EXERCISE PROMPT: The job is to output exactly the lines that run from the start of the entries through the line containing "Guess T-shirt Blanc Fille Guess Frontal", pictures omitted.

DATA EXTRACTS:
........

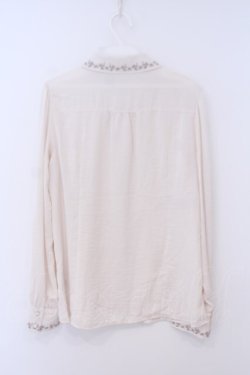 画像3: axes femme / ヴィンテージサテン刺繍入ブラウス L キナリ O-26-01-30-1022-AX-BL-OW-OS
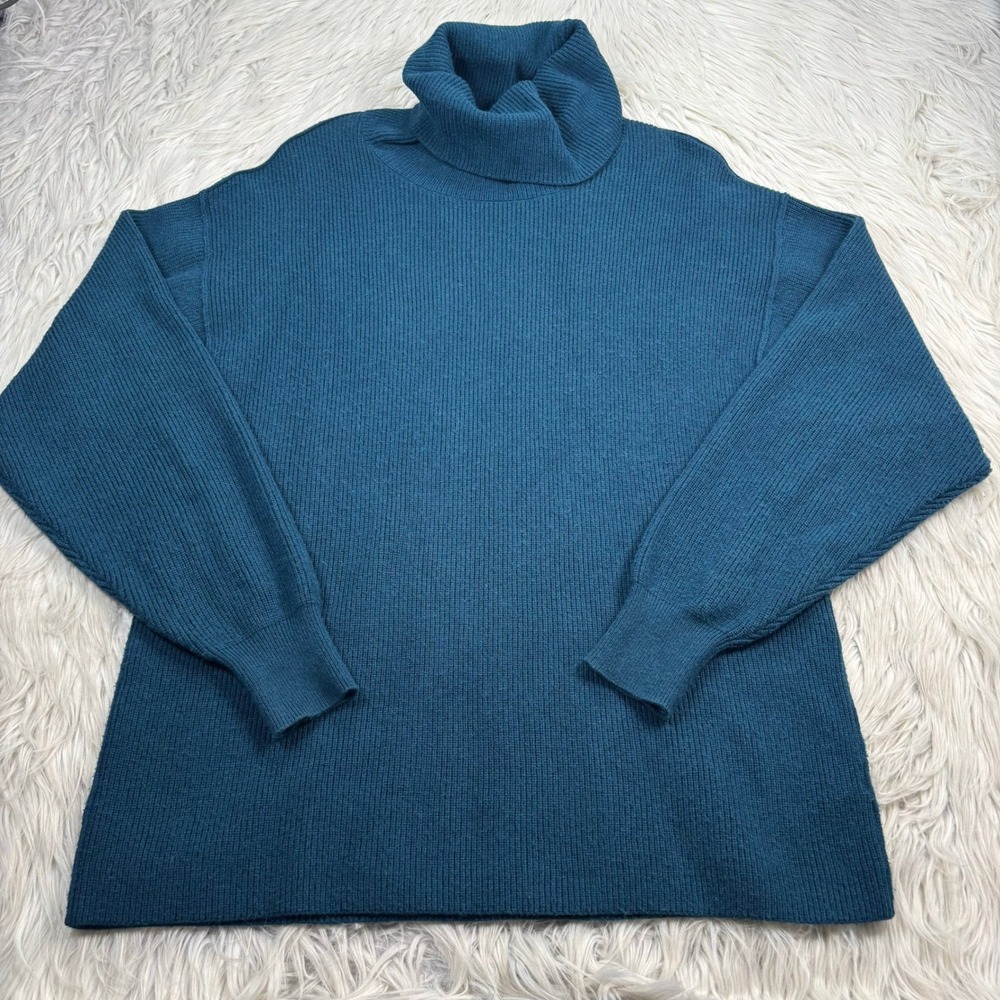 Free People Women's XS Teal Ribbed Softly Structured Tunic Sweater Cozycore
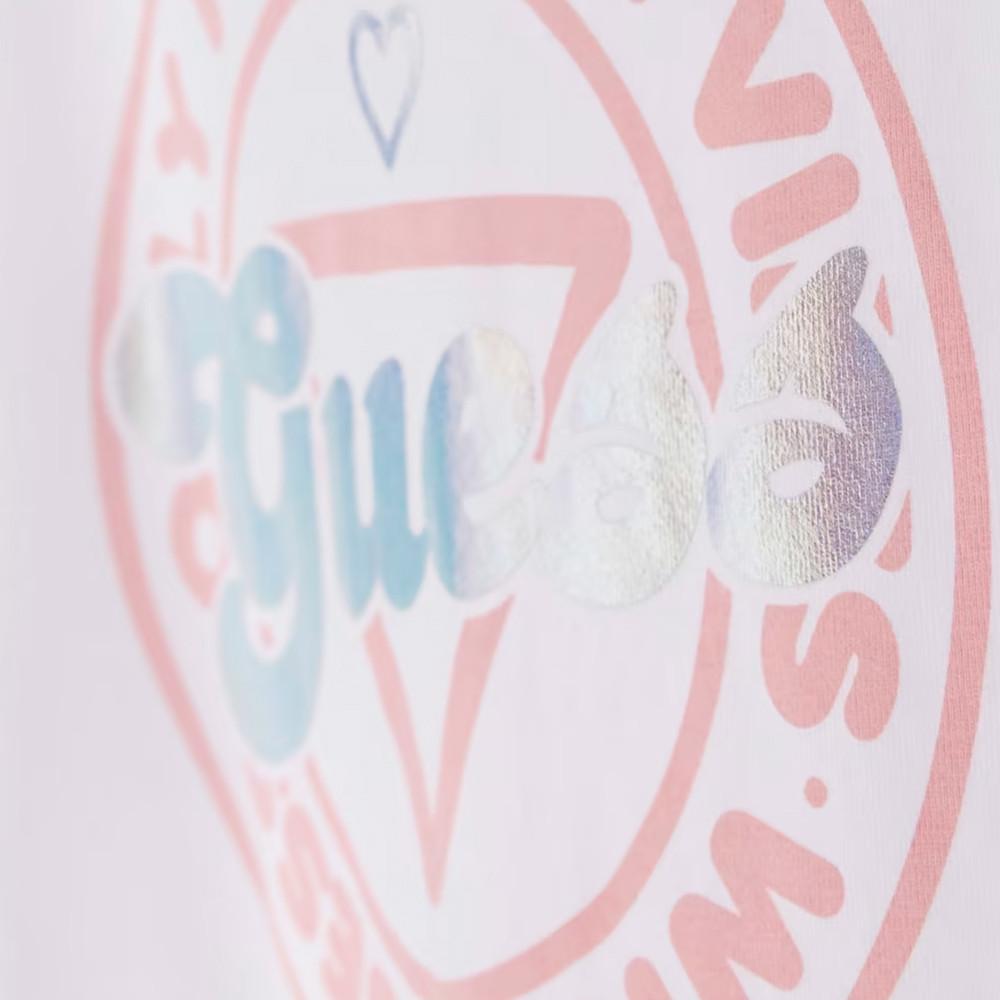 Guess T-shirt Blanc Fille Guess Frontal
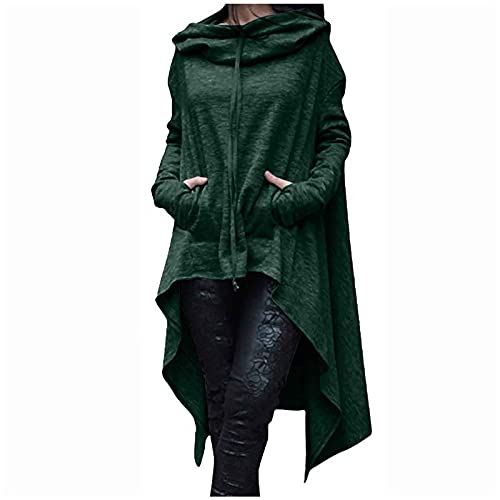 yiouyisheng Poncho para mujer, chal, chal, capa con capucha, dobladillo irregular, pañuelo con mangas, sudadera larga con capucha y cordón, verde, M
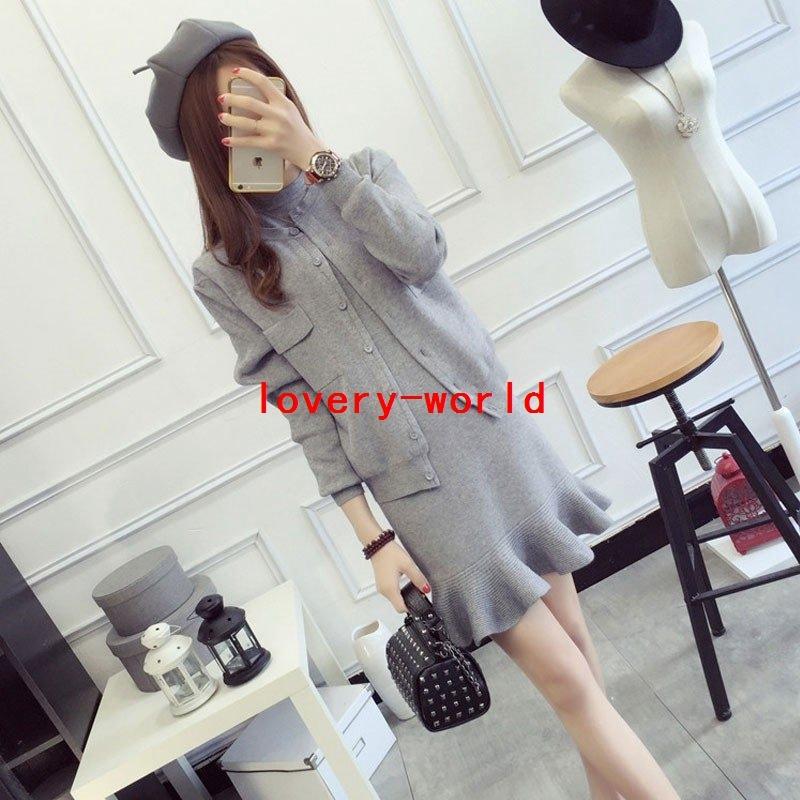 New売り切れる前に ニットセットアップレディース秋冬ニットワンピースカーディガン長袖ノースリーブミニ丈ワンピース2点セットニット セーターきれいめ着痩30代40代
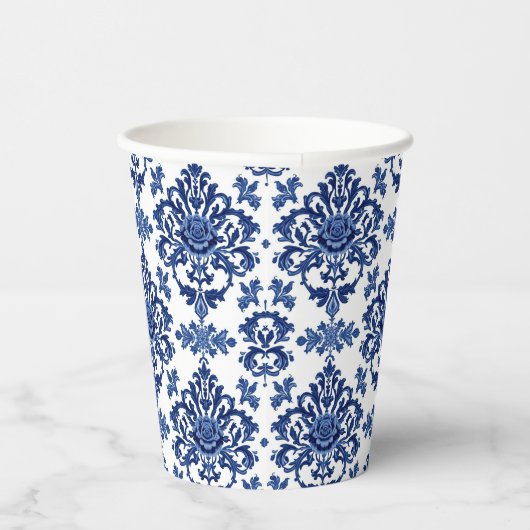 Luxury Royal Blue and White Baroque Floral Pattern 紙コップ (右)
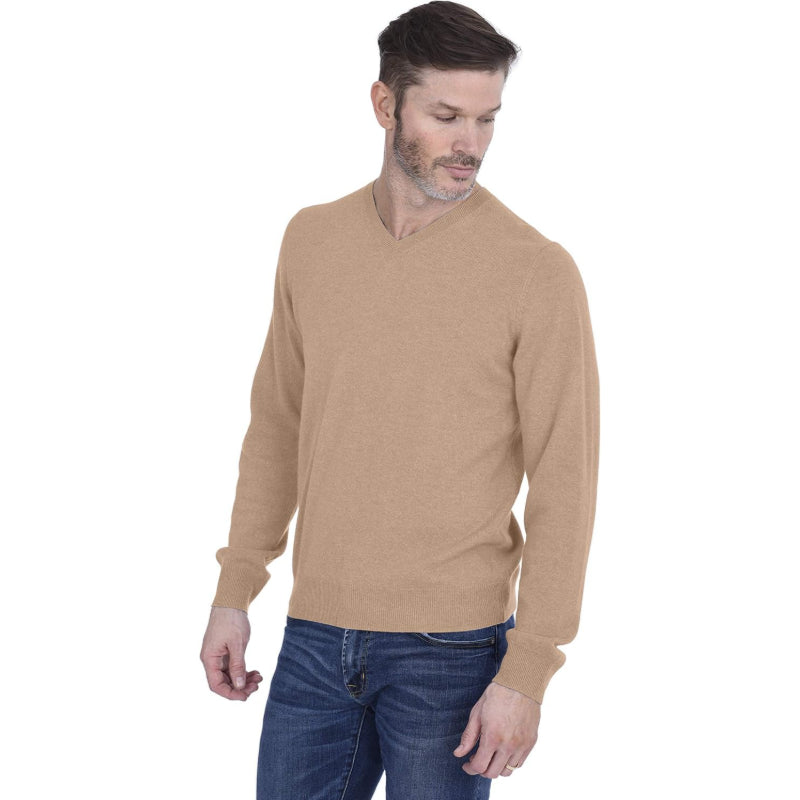 Men’s Basic V-Neck Sweater 100% Pure Cashmere Long Sleeve Classic Pullover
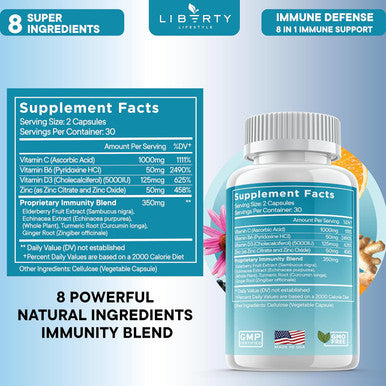 8 In 1 Immune Defense Support, Immunity Vitamins Supplement Booster With Zinc 50Mg, Vitamin C Elderberry Vit D3 5000 Iu, Turmeric Curcumin & Ginger, Echinacea - Allergy Relief For Kids Adults (2 Pack)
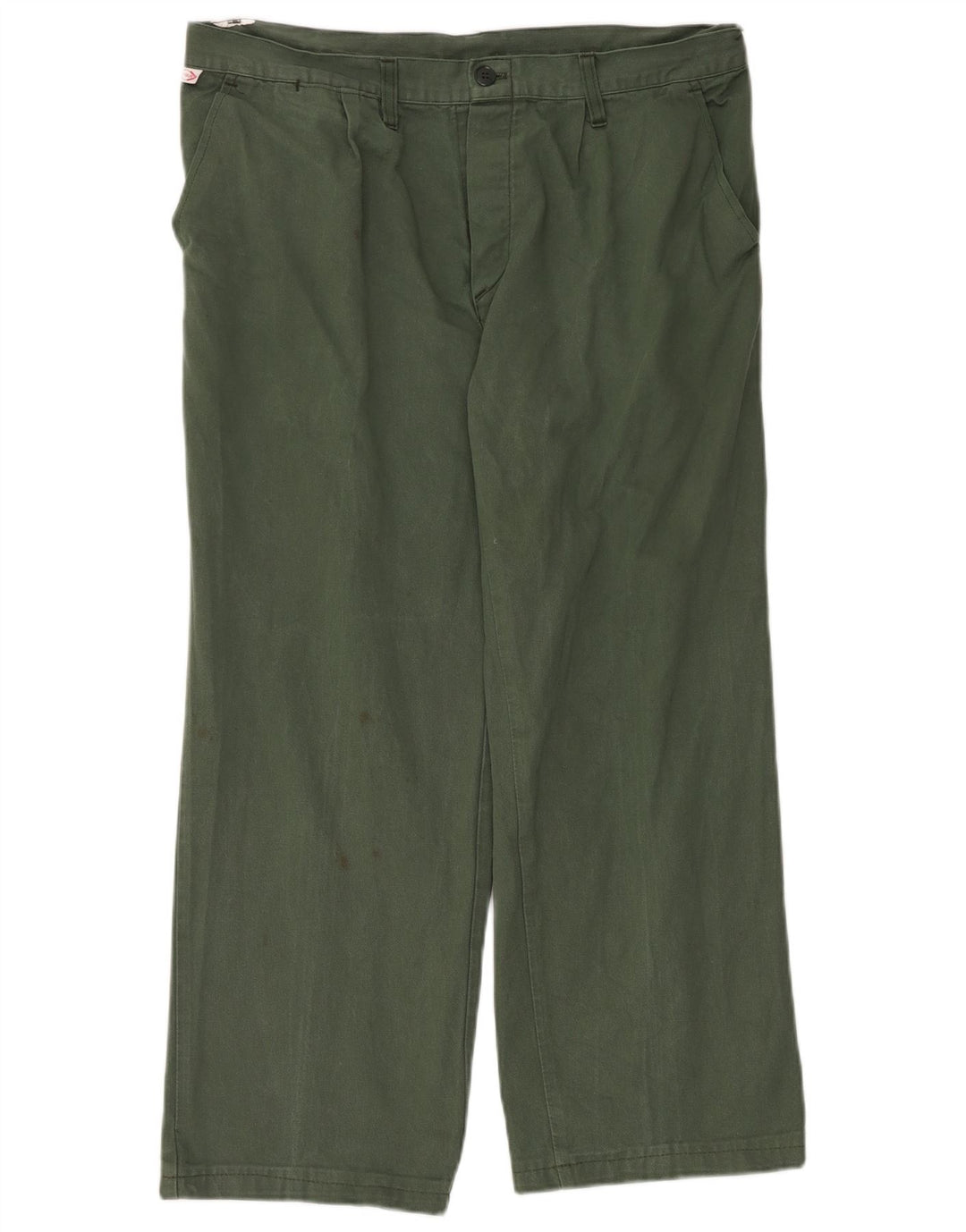 VINTAGE Pantalón chino recto para hombre W38 L30 Verde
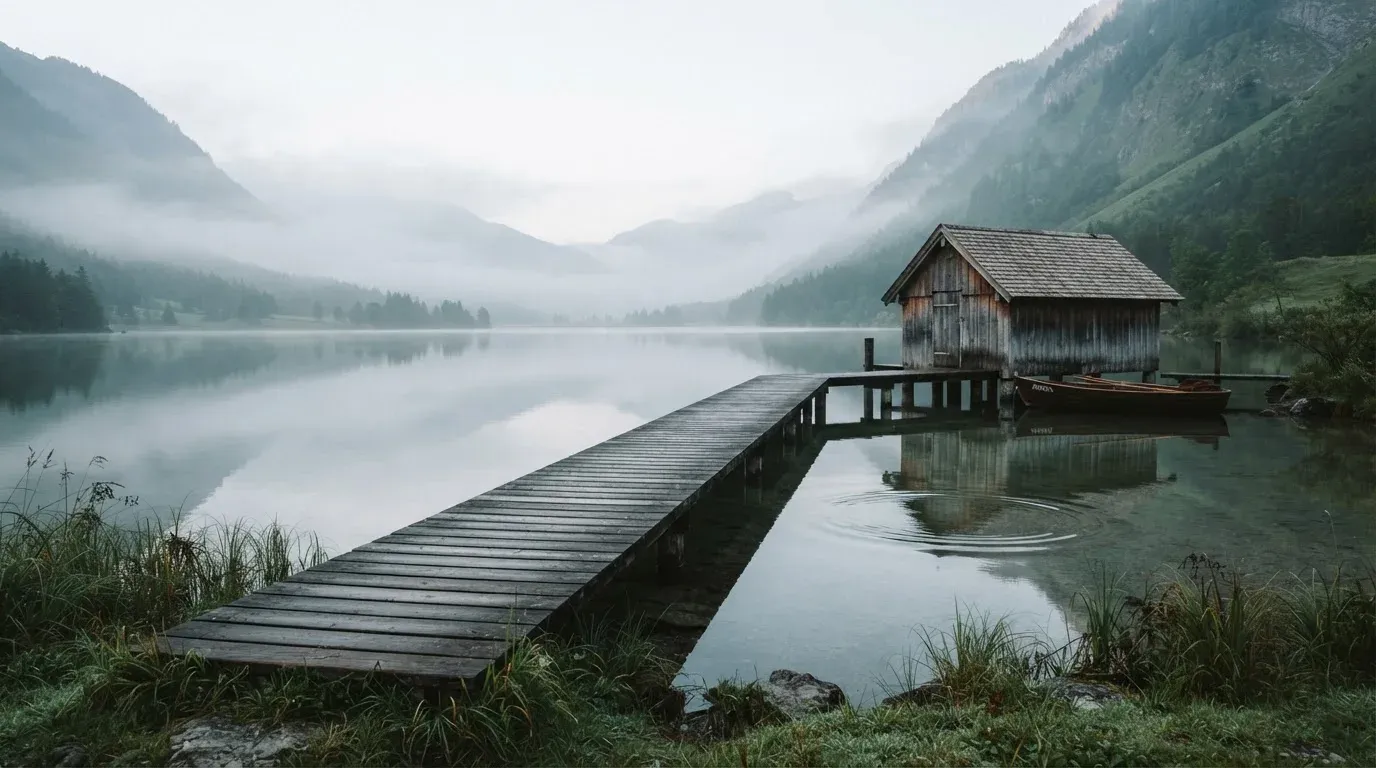 Ein Holzsteg führt über einen ruhigen Bergsee zu einem kleinen Bootshaus, über dem Wasser hängt Morgennebel.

........

YOUR RESPONSE:
 画像3: axes femme / ヴィンテージサテン刺繍入ブラウス L キナリ O-26-01-30-1022-AX-BL-OW-OS
 Free People Women's XS Teal Ribbed Softly Structured Tunic Sweater Cozycore
 Guess T-shirt Blanc Fille Guess Frontal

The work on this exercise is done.